Clogging the state Capitol grounds and screaming angry chants, tens of thousands of undaunted pro-labor protesters descended on Madison again and vowed to focus on future elections now that contentious cuts to public worker union rights have become law.
Protests have rocked the Capitol almost every day since Gov. Scott Walker proposed taking nearly all collective bargaining rights away from public workers, but the largest came a day after the governor signed the measure into law. Police estimated the crowd at 85,000 to 100,000 people -- along with 50 tractors and one donkey -- by late afternoon. No one was arrested.
Speakers delivered angry diatribes while the crowd carried signs comparing Walker to dictators and yelled thunderous chants of "this is what democracy looks like."
"This is so not the end," said protester Judy Gump, a 45-year-old high school English teacher. "This is what makes people more determined and makes them dig in."
Walker's signature on the measure capped a week of political maneuvering to end a bitter, month-long standoff that began when the state's 14 Democratic senators fled to Illinois in an ultimately futile attempt to block the legislation.
His plan has spurred a national debate over labor rights and its passage is key to Republicans who have targeted unions in efforts to cut government spending across the country. But labor leaders promise to use the setback to fire up members and mount a major counterattack against Republicans at the ballot box in 2012.
Throngs of protesters gathered Saturday outside a convention center where senators made their first public appearances in Madison since ending their self-imposed exile. Demonstrators treated the lawmakers like rock stars, yelling "Fab 14, our heroes!" and giddily snapping pictures.
All 14 Democrats later marched around the Capitol, trading chants of "thank you" with protesters who ringed the sidewalks. When the senators made their way to a stage, they promised to shift their energies toward recall drives already under way against eight of their Republican colleagues.
"Now ... we trade in our rally signs for clipboards and we take to the streets to recall the Republicans," Sen. Chris Larson of Milwaukee told the cheering crowd, "and in one year we recall the governor that refuses to listen."
Walker is not eligible to be recalled until he completes his first year in office in January 2012.
Eight of the Democrats also face recall efforts. Senate Majority Leader Scott Fitzgerald issued a statement Saturday calling them the most shameful 14 people in the state.
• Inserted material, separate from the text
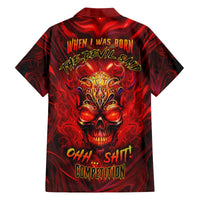 Red Hawaiian shirt with fiery devil skull graphic, short sleeves, button-up collar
Fleeing to Illinois "is an absolute insult to the hundreds of thousands of Wisconsinites who are struggling to find a job, much less one they can run away from and go down to Illinois -- with pay," Fitzgerald said.
Walker's plan has spurred a national debate over labor rights. Its passage is a key victory for Republicans who have targeted unions in efforts to cut government spending across the country. Democrats see it as a blatant attempt to weaken organized labor, one of their strongest campaign allies.
Labor leaders have promised to use the setback to fire up members and mount a major counterattack against Republicans at the ballot box in 2012.
"We're never going to give up," said Marilyn Rolfsmeyer, 56, an art teacher. "What part of it don't they understand? There's hope here. I feel it. You feel the energy, the intensity. Somebody's got to be out there feeling it, too."
Dozens of fist-pumping farmers drew cheers as they chugged around the Capitol square in tractors bearing signs with messages such as "planting the seeds for a big season of recalls."
Tod Pulvermacher, 33, towed a manure spreader carrying a sign that read, "Walker's bill belongs here."
"Farmers are working-class Americans," he said as the crowd cheered. "We work for a living as hard as anybody, and this is about all of us."
Walker has repeatedly argued that ending collective bargaining gives local governments much-needed flexibility to confront cuts in state aid necessary to fix Wisconsin's deficit, which is expected to grow to $3.6 billion deficit over two years.
The new law erases public workers' ability to collectively bargain anything except wages up to the rate of inflation. It also requires them to contribute more to their pensions and health care, changes that amount to an 8 percent pay cut. Police and firefighters are exempt.
The Senate Democrats had fled to deny Republicans, who hold a 19-14 Senate majority, the 20-member quorum needed to vote on measures that spend money. But Republican leaders worked around them Wednesday, calling a special committee to take spending items out of Walker's proposal.
The Senate passed it 18-1 minutes later. Assembly Republicans approved it the next day.
Democratic Dane County Executive Kathleen Falk has filed a lawsuit seeking to block the secretary of state from publishing the law, the last step before it takes effect. She argues the bill still contained fiscal items and that the committee meeting violated Wisconsin's open meeting law.